This section reviews radix-4 Booth-encoding-based modulo (2ⁿ + 1) and modified Booth-encoding-based modulo (2ⁿ − 1) multipliers, as well as multifunction modulo (2ⁿ ± 1) multipliers based on the modified Booth encoding scheme [8]. Unlike the traditional Booth encoder, which uses double-code interpretation, the modified Booth encoder, also called radix-4 Booth encoding, adopts a three-code interpretation. First, 0 is added after the least significant bit of the multiplier and 0 is also added in front of the most significant bit of the multiplier. This three-code interpretation method substantially reduces the partial product, which almost halves the hardware area. As a result, the significant reduction in the use of the full adder facilitates faster calculations. The modulo (2ⁿ + 1) multipliers and modulo (2ⁿ − 1) multipliers are the two most commonly used in the RNS, and these will be reviewed in the following paragraphs.

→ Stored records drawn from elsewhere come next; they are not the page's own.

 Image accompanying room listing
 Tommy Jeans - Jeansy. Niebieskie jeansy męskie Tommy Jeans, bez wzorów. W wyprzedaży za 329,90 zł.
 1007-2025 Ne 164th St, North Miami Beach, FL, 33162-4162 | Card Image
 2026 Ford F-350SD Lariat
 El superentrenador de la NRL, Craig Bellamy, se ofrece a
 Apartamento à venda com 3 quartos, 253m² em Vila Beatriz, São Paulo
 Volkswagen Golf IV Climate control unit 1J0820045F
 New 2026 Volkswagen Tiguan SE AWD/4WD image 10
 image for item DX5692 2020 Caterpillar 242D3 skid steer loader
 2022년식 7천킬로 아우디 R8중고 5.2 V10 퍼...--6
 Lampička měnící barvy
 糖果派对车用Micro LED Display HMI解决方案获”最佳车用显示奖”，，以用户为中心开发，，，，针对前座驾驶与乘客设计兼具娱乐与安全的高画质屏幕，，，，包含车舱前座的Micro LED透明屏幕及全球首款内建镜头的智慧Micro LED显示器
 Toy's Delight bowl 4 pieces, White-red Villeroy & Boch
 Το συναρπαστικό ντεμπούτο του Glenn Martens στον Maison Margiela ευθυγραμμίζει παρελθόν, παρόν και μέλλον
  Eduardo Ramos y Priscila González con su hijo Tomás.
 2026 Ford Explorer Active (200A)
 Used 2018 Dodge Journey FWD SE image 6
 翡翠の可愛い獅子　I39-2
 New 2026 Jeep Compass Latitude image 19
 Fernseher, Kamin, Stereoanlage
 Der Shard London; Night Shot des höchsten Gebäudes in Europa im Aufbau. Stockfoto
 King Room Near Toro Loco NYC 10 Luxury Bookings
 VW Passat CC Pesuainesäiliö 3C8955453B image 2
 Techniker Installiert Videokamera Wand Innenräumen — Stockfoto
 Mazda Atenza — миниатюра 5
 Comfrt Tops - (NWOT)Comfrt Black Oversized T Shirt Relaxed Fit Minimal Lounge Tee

The operating range of the modified Booth-coded 1′s complement modulo (2ⁿ − 1) multiplier [1] is [0, 2ⁿ − 1]. The block diagram of modulo multiplication using modified Booth encoding is shown in Figure 1. Multiplier B first performs improved Booth encoding (BE) and multiplicand A operates a Booth selector (BS) according to the encoded value. Subsequently, the addition array of partial products is generated and these partial products are summed by the full and half adders. Finally, the result is obtained by performing end-around-carry. The relative formula found using the modified Booth-encoder-based 1’s complement modulo (2ⁿ − 1) multiplier is given by

B = \sum_{i = 0}^{n - 1} 2^{2 i} (b_{2 i - 1} + b_{2 i} - 2 b_{2 i + 1})

(1)

A \times B = \sum_{i = 0}^{n - 1} A \times [2^{2 i} (b_{2 i - 1} + b_{2 i} - 2 b_{2 i + 1})] = \sum_{i = 0}^{n - 1} P P_{i}

(2)

Figure 1. Block diagram of modulo multiplication using modified Booth encoding [1].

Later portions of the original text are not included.